Program Sovereign Challenge mempromosikan keamanan dengan membangun hubungan internasional

Jenderal Joseph Votel, dikonfirmasi sebagai komandan Komando Pusat A.S. pada Maret 2016. Dia sebelumnya menjabat sebagai komandan
Jenderal Joseph Votel, dikonfirmasi sebagai komandan Komando Pusat A.S. pada Maret 2016. Dia sebelumnya menjabat sebagai komandan

Memelihara kedaulatan negara merdeka dan melindungi masyarakat dari ancaman yang diakibatkan oleh ekstremis kekerasan terhadap keamanan dan stabilitas bukan tujuan yang mudah dicapai. Sasaran mulia ini tidak hanya membutuhkan upaya dari seluruh kalangan pemerintah tetapi juga komitmen internasional untuk menyelaraskan upaya dan membangun hubungan yang akan meningkatkan upaya masing-masing negara dalam meraih perdamaian dan kemakmuran.

Ketika saluran berita global menyorot kekejaman teroris dan tentakel pengaruh dan kekerasan mereka di seluruh dunia, hal yang tidak selalu menjadi berita utama adalah upaya gigih dan terus-menerus untuk melindungi kedaulatan negara dan mengembalikan stabilitas di daerah rawan konflik di dunia. Pejabat militer, pemimpin pemerintah, dan ahli lainnya terus bekerja untuk melawan dan mengalahkan teroris. Selagi serangan udara dan operasi militer lainnya adalah salah satu unsur perjuangan tersebut, kemitraan global dan dialog internasional membantu memberantas ekstremisme kekerasan secara tuntas.

“Jaringan kami kuat dan berkembang,” kata Jenderal Joseph Votel, ketika dia menjadi komandan Komando Operasi Khusus A.S. (USSOCOM). Dia telah dinominasikan untuk menjadi komandan Komando Pusat A.S. (CENTCOM). “Dan melalui jaringan kami, kami akan mengalahkan aliran transnasional yang mengancam tidak hanya keamanan berdaulat kami sendiri, tetapi juga keamanan global secara keseluruhan.”

Salah satu prakarsa tersebut adalah program Sovereign Challenge yang dibuat pada tahun 2004 oleh USSOCOM. Program ini berfungsi sebagai platform untuk membangun jaringan, serta cara bagi perwakilan dari negara-negara mitra untuk menelaah ancaman ekstremis dan mengembangkan hubungan dan pemahaman bersama tentang tantangan internasional dalam memelihara kedaulatan dan keamanan di seluruh dunia.

“Ini adalah program yang benar-benar unik — tidak ada program lain seperti ini,” kata Votel.
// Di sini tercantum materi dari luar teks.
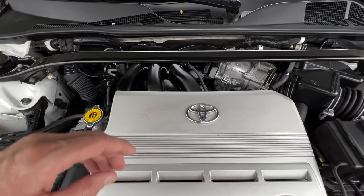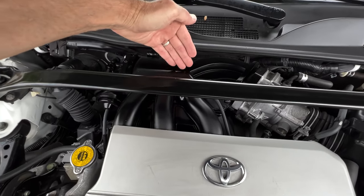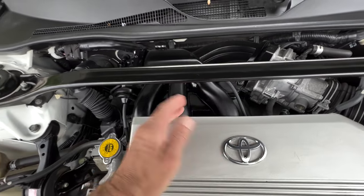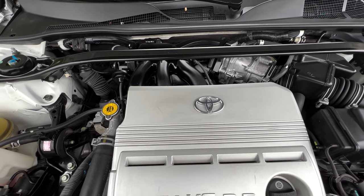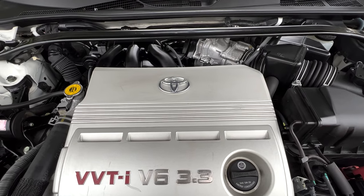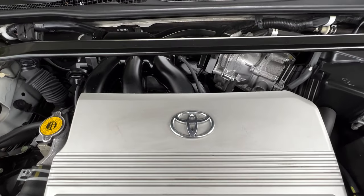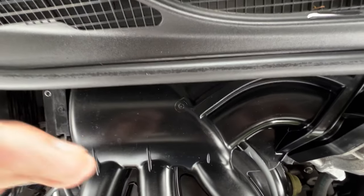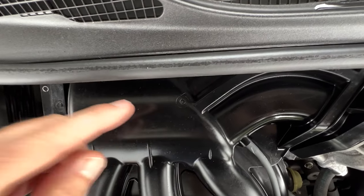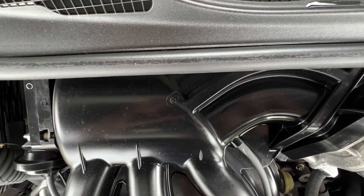The only real maintenance fault on that engine is accessing and changing the rear three spark plugs. In order to get to them you have to lift off the entire intake plenum, change the gasket when you put it back together — it's time intensive, but fortunately you only have to do that once or twice through the engine's entire lifetime.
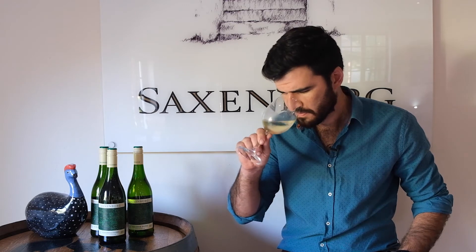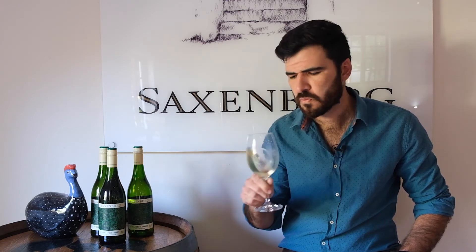On the nose you will find beautiful peach and pear aromas, and there's some melon. The palate is beautifully textured with a lovely long mouthfeel — really a fantastic Chenin, I think. Enjoy!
Setiap tahun, Sovereign Challenge mengumpulkan pejabat pemerintah dan militer, seperti atase pertahanan yang ditugaskan di Amerika Serikat dan para profesional pasukan operasi khusus. Dalam beberapa tahun terakhir, pakar akademik, industri, dan keamanan lainnya juga bergabung dengan konferensi Sovereign Challenge, seminar dan acara lainnya tempat isu-isu seperti keamanan, ekstremisme, integritas teritorial, jaringan keuangan teroris, stabilitas/konflik internal, dan kejahatan transnasional dibahas.
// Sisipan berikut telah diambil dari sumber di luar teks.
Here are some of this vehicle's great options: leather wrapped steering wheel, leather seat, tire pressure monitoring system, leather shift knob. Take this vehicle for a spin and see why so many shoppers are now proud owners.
“Program Sovereign Challenge adalah salah satu alat yang membantu komando dalam melihat masalah secara berbeda. Hal itu membuat USSOCOM lebih cerdik secara budaya dan menyatukan orang-orang, kemampuan, dan ide-ide untuk membantu mengatasi beberapa masalah internasional kita yang paling mendesak,” kata Manajer Program Sovereign Challenge Larry Cook.

Pada September 2015, para pejabat bertemu untuk menghadiri lokakarya di Washington, D.C., mengenai topik Menantang Ekstremisme: Melibatkan Generasi Penerus. Salah satu tema yang dibahas adalah peran media sosial dalam perjuangan saat ini melawan kelompok teroris Negara Islam Irak dan Levant (ISIL).

Peserta Menantang Ekstremisme: Melibatkan Generasi Penerus, di Washington, D.C., pada September 2015 SOVEREIGN CHALLENGE
Peserta Menantang Ekstremisme: Melibatkan Generasi Penerus, di Washington, D.C., pada September 2015 SOVEREIGN CHALLENGE

Tingkat dialog strategis di acara Sovereign Challenge telah menarik partisipasi tingkat tinggi dari seluruh dunia. Pertemuan pada April 2015 mengumpulkan lebih dari 200 peserta dari 81 negara, termasuk negara-negara Indo-Asia-Pasifik seperti Australia, Bangladesh, Laos, Mongolia, Nepal, Filipina, dan Thailand.

Dalam konferensi itu, Paduka Yang Mulia Mayjen Putri Aisha binti Al Hussein, atase pertahanan Yordania untuk Amerika Serikat saat itu, berbicara tentang perjuangan negaranya untuk mengalahkan terorisme. Yordania yang berbatasan dengan Suriah dan Irak telah terganggu oleh konflik di negara tetangga.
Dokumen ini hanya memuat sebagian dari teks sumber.